La calle Brandsen ofrece, asfalto de por medio, realidades paralelas. De un lado, el estadio de Boca Juniors, el club de fútbol más popular de la Argentina. Los buses de turistas internacionales tienen allí una parada obligatoria, y por eso hacen fila en la mañana de Buenos Aires. Basta con cruzar esa misma calle y encontrarse con el comedor comunitario «Pancita llena, corazón contento». Marcela Morales no llega a los 50 años.

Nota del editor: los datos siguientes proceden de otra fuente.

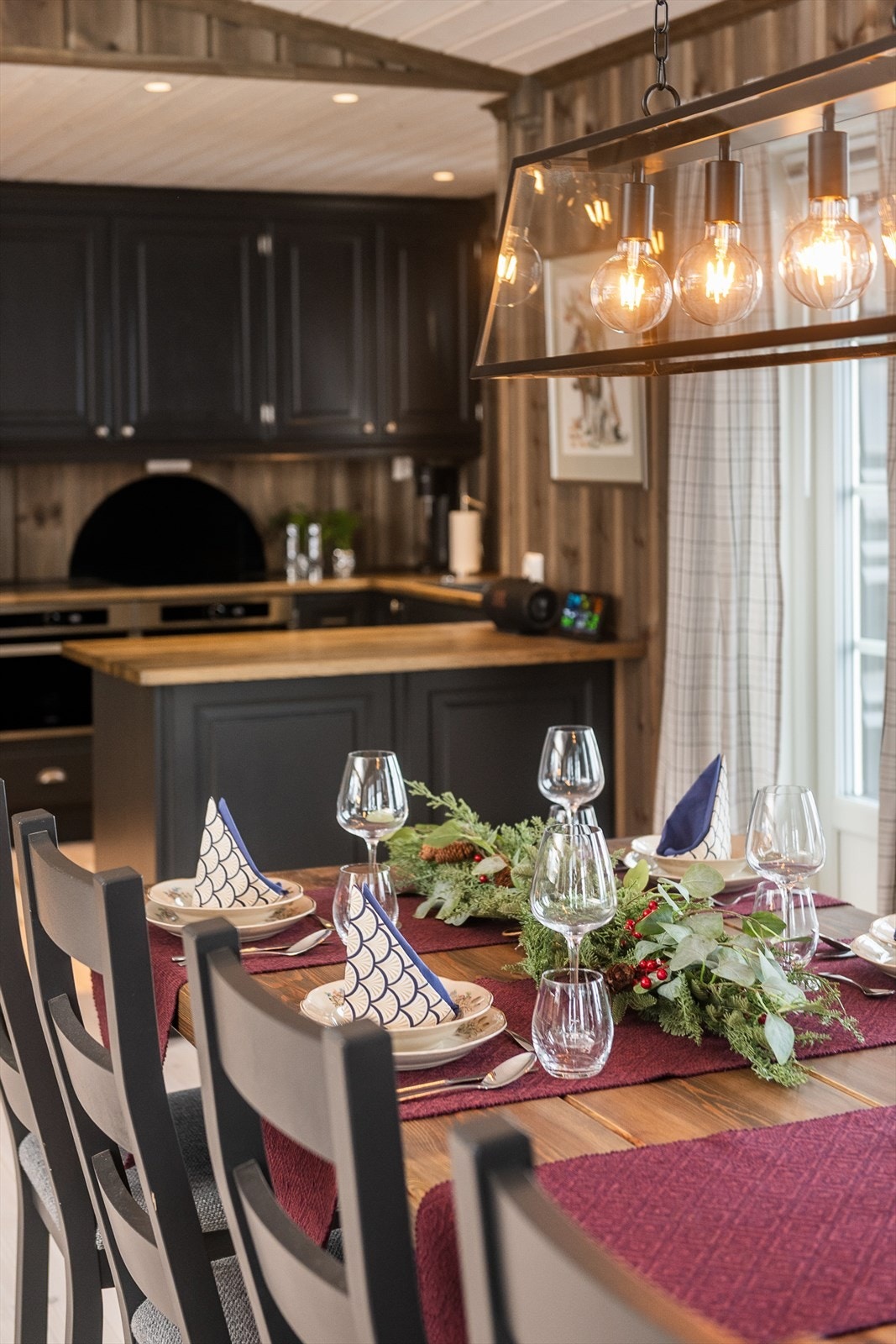 Her kan du være på kjøkkenet, men fortsatt være del av den gode samtalen. Galleribilde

Alguna vez pidió dinero porque no tenía qué comer. Parte de lo que recibía lo destinaba a alimentar a otros. Así nació ese lugar que bautizó con un diminutivo («la pancita») y que entre paredes de chapa pintadas de azul y oro, como los colores de Boca, cada noche recibe hasta 50 familias. Marcela recibe donaciones para sostener su cruzada. Entra un niño y le cuenta que no ha tenido escuela por una huelga de los maestros. Por eso no comerá. Su vista se choca con la de una nena que desayuna. Marcela le sugiere que se siente con ella.

Turismo y necesidad

Al lado de donde Marcela reparte panes y peces como milagros se levanta un negocio de souvenires. Los turistas compran canchas de Boca en miniatura o camisetas de Leo Messi de la selección argentina. Pero si se gira hacia la derecha, a 100 metros, sobre la misma Brandsen, otro comedor comunitario, Los inmigrantes, se prepara para recibir hombres, mujeres y niños. El Gobierno de la ciudad les gira dinero para que almuercen y merienden 125 personas. Pero, como reconoce Silvia, tienen que alimentar a 180. Junto con Janet y Sandra preparan este jueves un plato especial: carne con puré de papa y calabaza. Y es «especial», como remarca Silvia, porque pudieron hacer malabares con la ayuda económica que perciben. «Vienen de todos lados. A veces se acercan con vergüenza. Han perdido sus trabajos y les cuesta decir que no tienen qué comer», dice Silvia y Janet asiente.

Agustín Salvia, el director del Observatorio de la Deuda Social, de la Universidad Católica Argentina (UCA), estima que un 25% de los niños argentinos recurren con sus padres a los comedores comunitarios. Hay miles de ellos, especialmente en la periferia.